How This Skill Works
Use a symptom-driven remediation workflow (Remediate Decision Tree) to identify root causes and apply targeted actions. Start with quick wins such as enabling the Native Execution Engine, enabling autotune, and enabling AQE, then adjust shuffle partitions and partition sizing, and consult the referenced tuning guides for deeper issues like data skew, Delta Lake optimization, and memory/partition tuning.
When to Use It
- Notebook cells are running slowly or timing out.
- Spark jobs are throttled with HTTP 430 errors.
- Data skew causes unbalanced task execution.
- OOM errors occur during notebook execution.
- Session startup is slow or sessions expire unexpectedly.
Quick Start
- Step 1: Run the notebook health check script and review results in the Monitoring Hub and Fabric Capacity Metrics app.

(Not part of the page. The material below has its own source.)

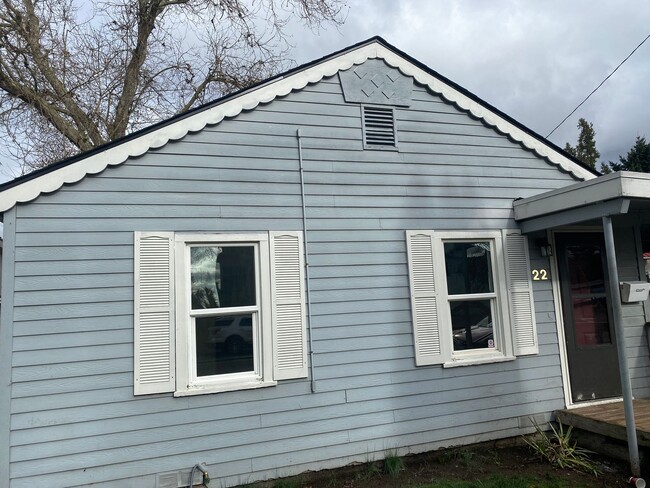Building Photo - Newly Updated in Desirable Springfield Neighborhood!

- Step 2: Enable Native Execution Engine and Autotune: spark.conf.set("spark.native.enabled", "true"); spark.conf.set("spark.ms.autotune.enabled", "true").
- Step 3: Right-size shuffle partitions and enable AQE: spark.conf.set("spark.sql.shuffle.partitions", "100"); spark.conf.set("spark.sql.adaptive.enabled", "true"); spark.conf.set("spark.sql.adaptive.coalescePartitions.enabled", "true"); spark.conf.set("spark.sql.adaptive.skewJoin.enabled", "true").
Best Practices
- Enable Native Execution Engine (NEE) to gain 2x–5x speedups (spark.native.enabled = true).
- Enable Autotune (spark.ms.autotune.enabled = true) for adaptive configuration.
- Right-size shuffle partitions based on dataset size to avoid over/under-partitioning.
- Enable Adaptive Query Execution (AQE) with coalescing and skew join handling.
- Prefer DataFrame APIs and break complex queries into staged intermediate writes to reduce Catalyst plan complexity.
Example Use Cases
- Notebook with slow cells: enable NEE, Autotune, and AQE to accelerate execution.
- Spark job hitting HTTP 430: diagnose capacity throttling via Monitoring Hub and adjust concurrency.
- Data skew causing long-tail tasks: diagnose with data-skew tools and repartition accordingly.
- Delta Lake reads/writes degraded: perform Delta Table Optimization.
- OOM errors on large notebooks: resize partitions and adjust memory usage.